[[ MATERIAL FOR THIS TASK, beginning ]]
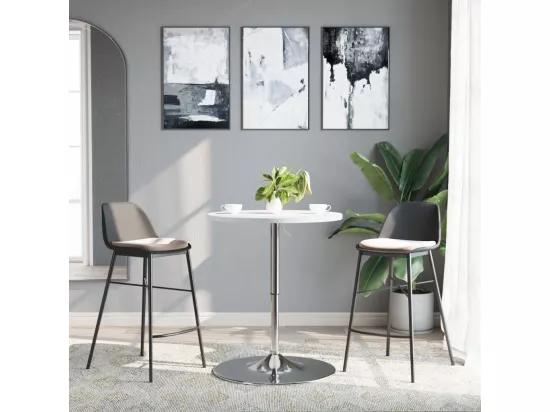 Table de bar blanc 60x60x90cm bois d'ingénierie et acier chromé
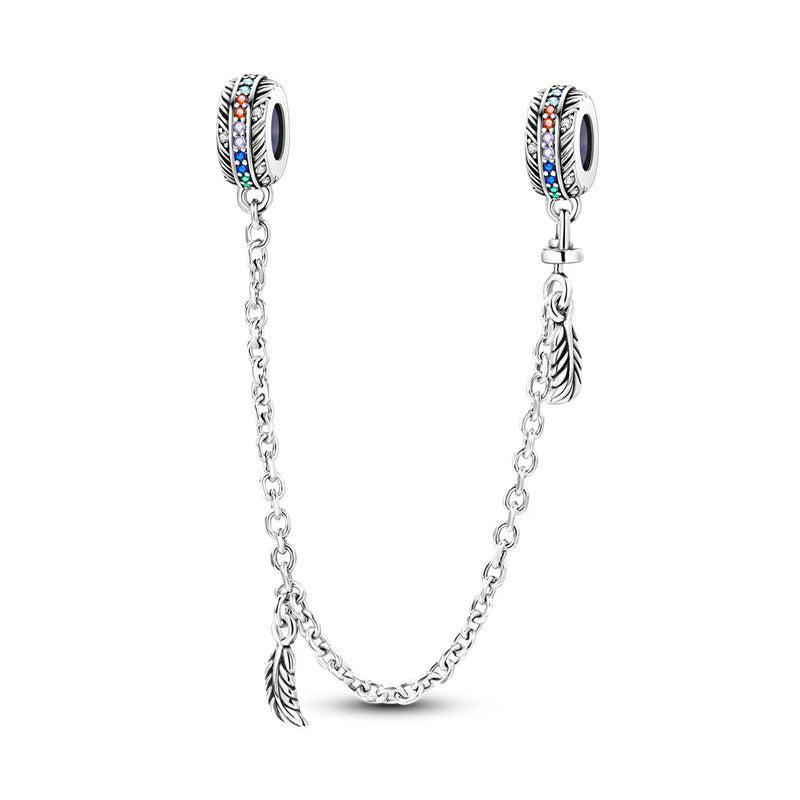 Multicolour Diamante Detail Feathered Chain Charm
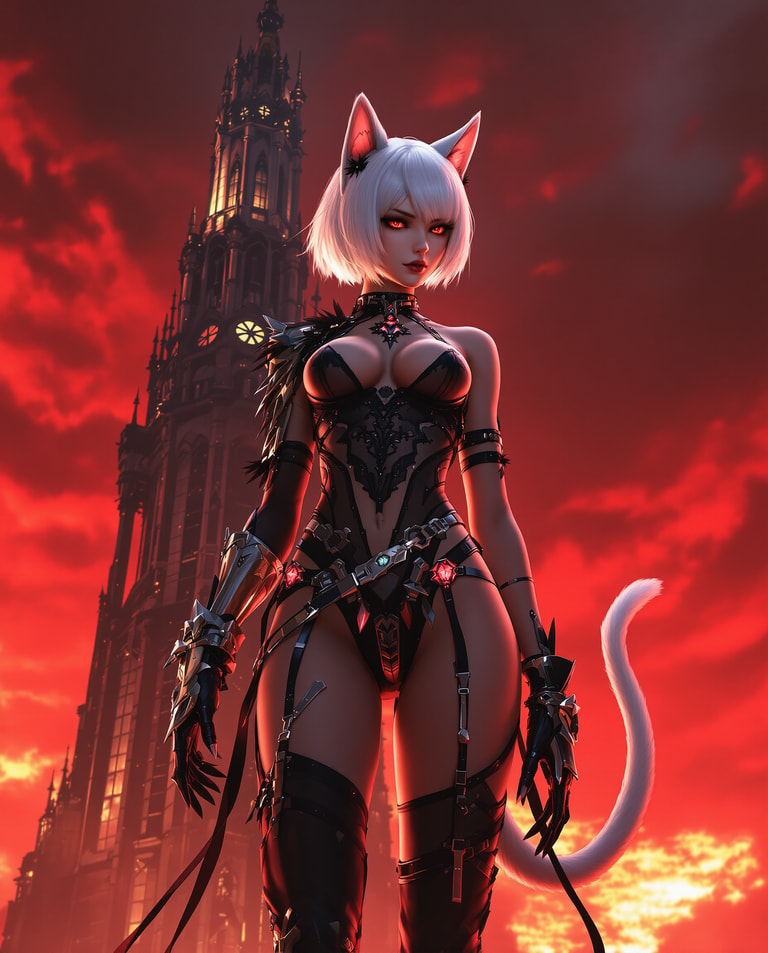 Cat Sentinel Under Crimson Skies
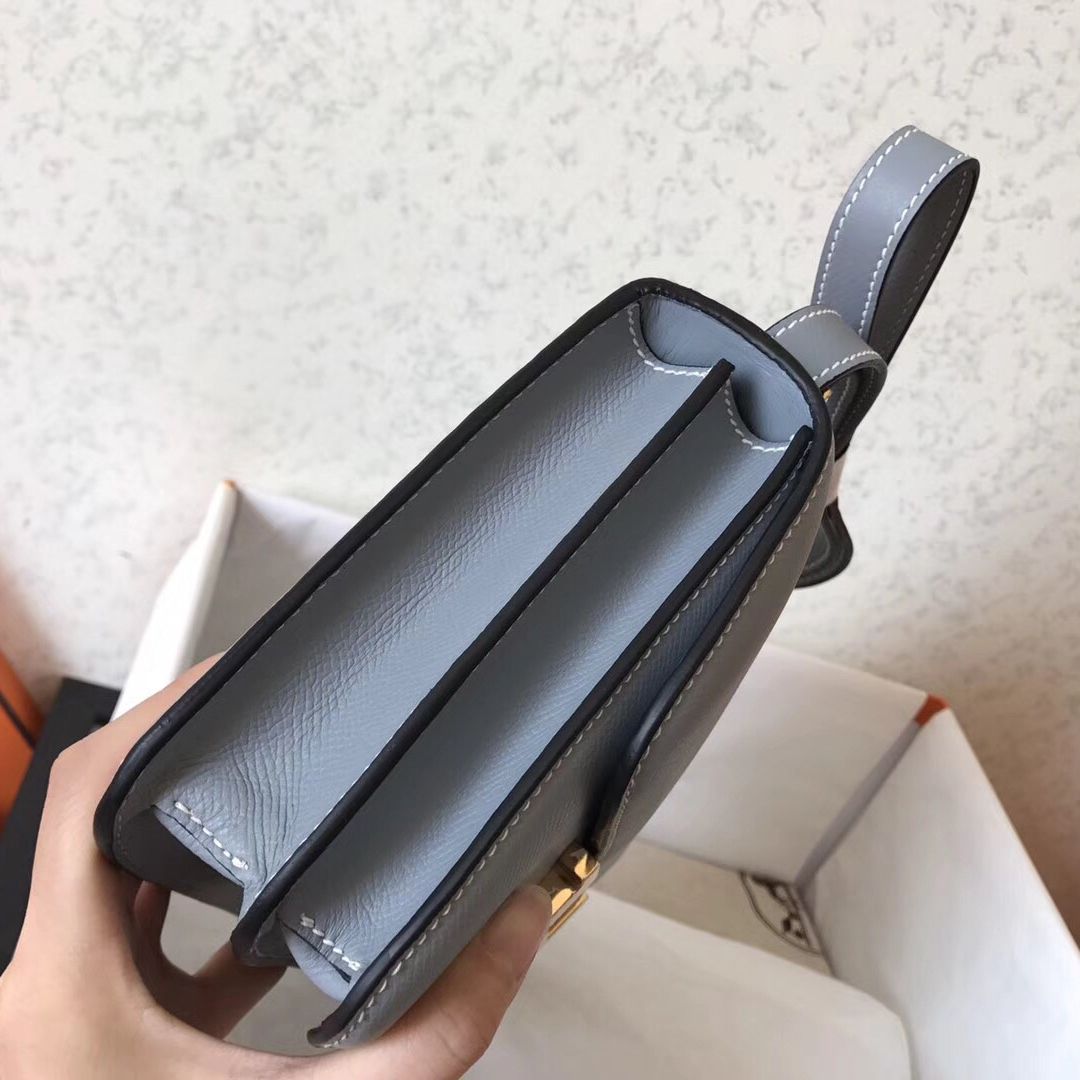 Hermes Constance 24 Handmade Bag In Blue Lin Epsom Leather - Image 7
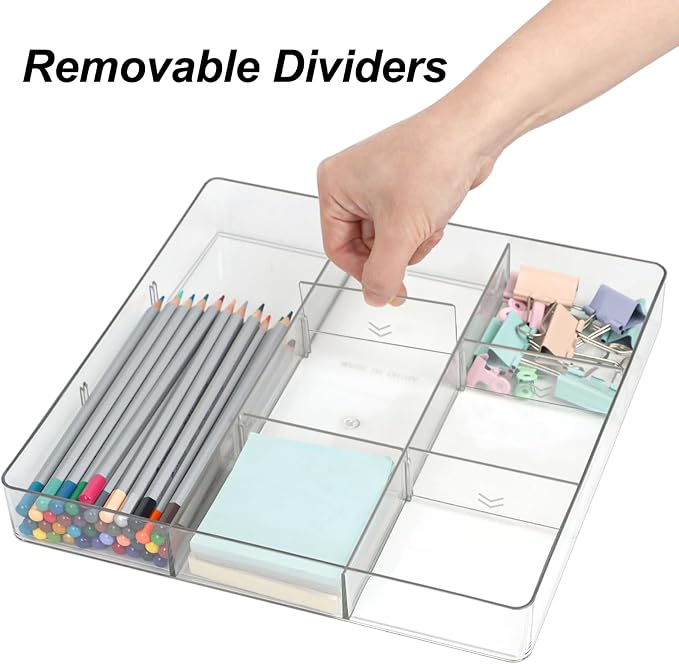 ZEXALOR Adjustable Clear Drawer Organizer, Plastic Drawer Divider Tray with Removable 9 Sections for Desk,Bathroom,Office,Makeup,Junk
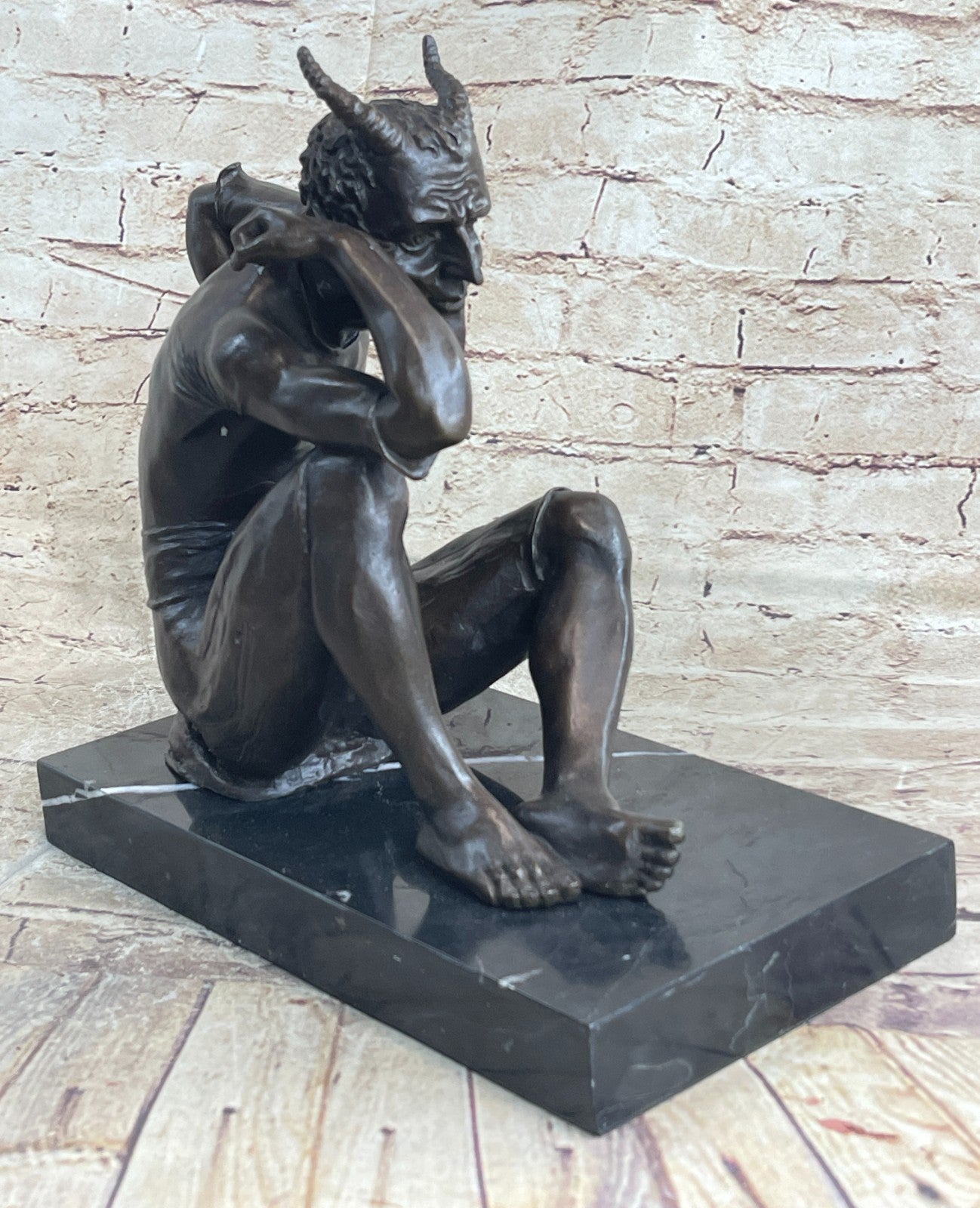 Limited Bronze! Pensive Lucifer, Satan, Devil, Bronze Sculpture on Marble Base,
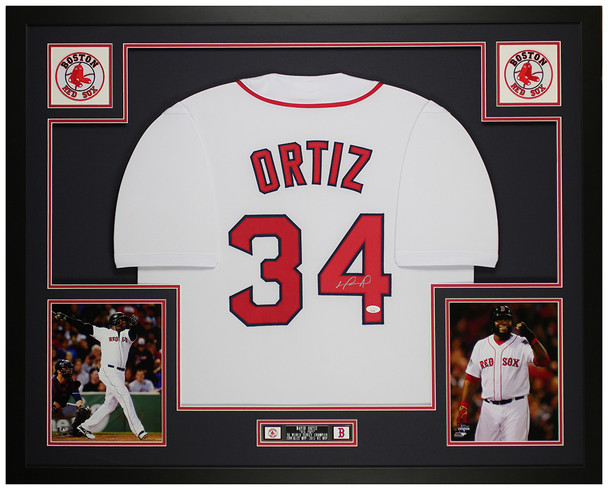 David Ortiz Autographed & Framed White Boston Jersey Auto JSA Certified
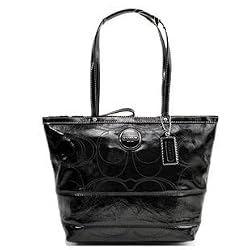 Coach Signature Op Art Patent Leather Book Tote 15142 Black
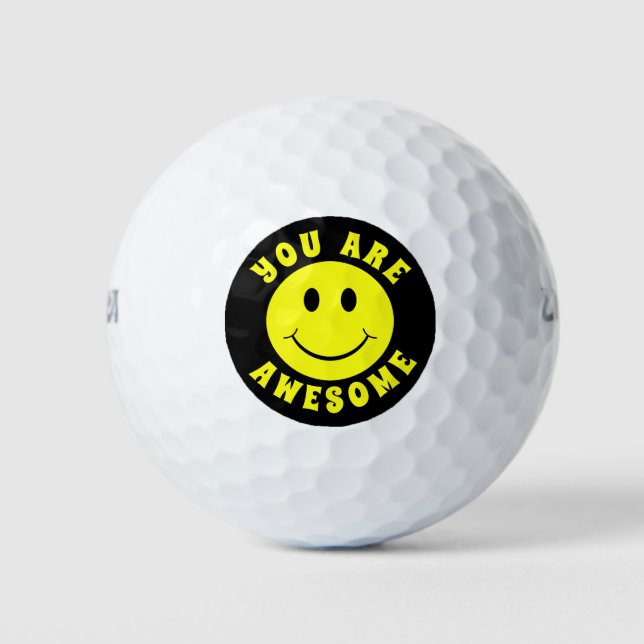 Happy Yellow Face You Are Awesome Golf Balls (Front)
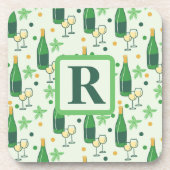 Dessous-de-verre Bouteilles Verres Chardonnay Floral Monogramme (Devant)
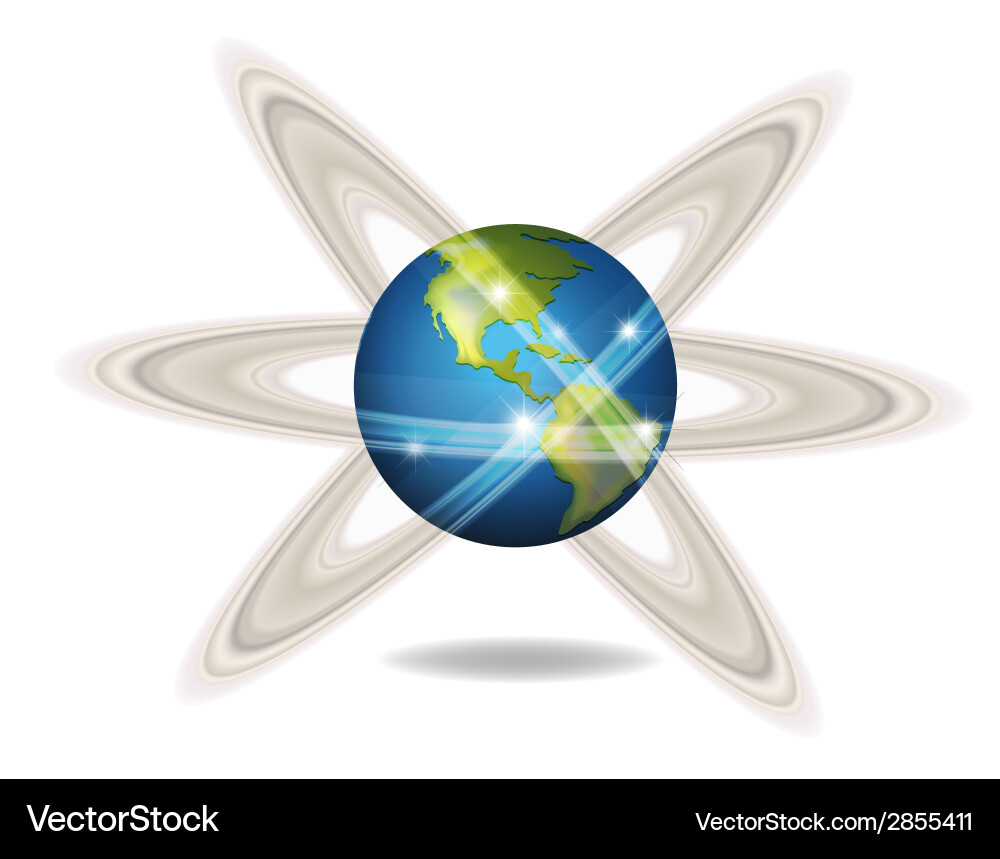 A planet with orbits Vector Image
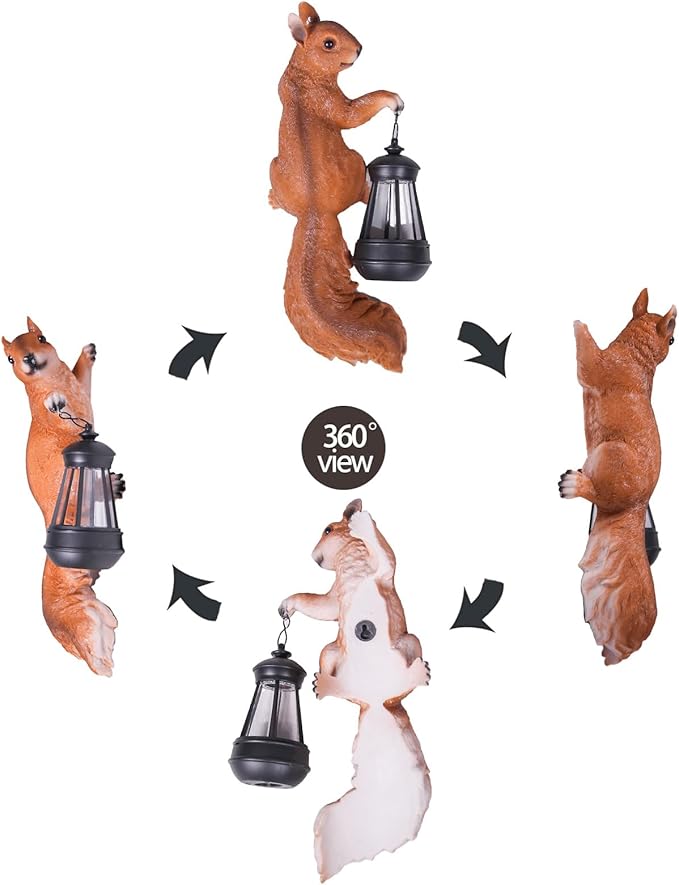 14in Big Squirrel Solar Squirrel Sculpture Decoration Resin Outdoor Garden Decoration, Suitable for Outdoor Garden Decoration, Suitable for Ladies, Mothers, Grandma Gifts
[[ MATERIAL FOR THIS TASK, end ]]
_YOUR OBJECTIVE_
The line containing "Happy Yellow Face" marks the start: set down exactly that line and every line after it through the last line of the data, without any pictures.

_ANSWER FOR THE TASK_
 Happy Yellow Face You Are Awesome Golf Balls (Front)
 Dessous-de-verre Bouteilles Verres Chardonnay Floral Monogramme (Devant)
 A planet with orbits Vector Image
 14in Big Squirrel Solar Squirrel Sculpture Decoration Resin Outdoor Garden Decoration, Suitable for Outdoor Garden Decoration, Suitable for Ladies, Mothers, Grandma Gifts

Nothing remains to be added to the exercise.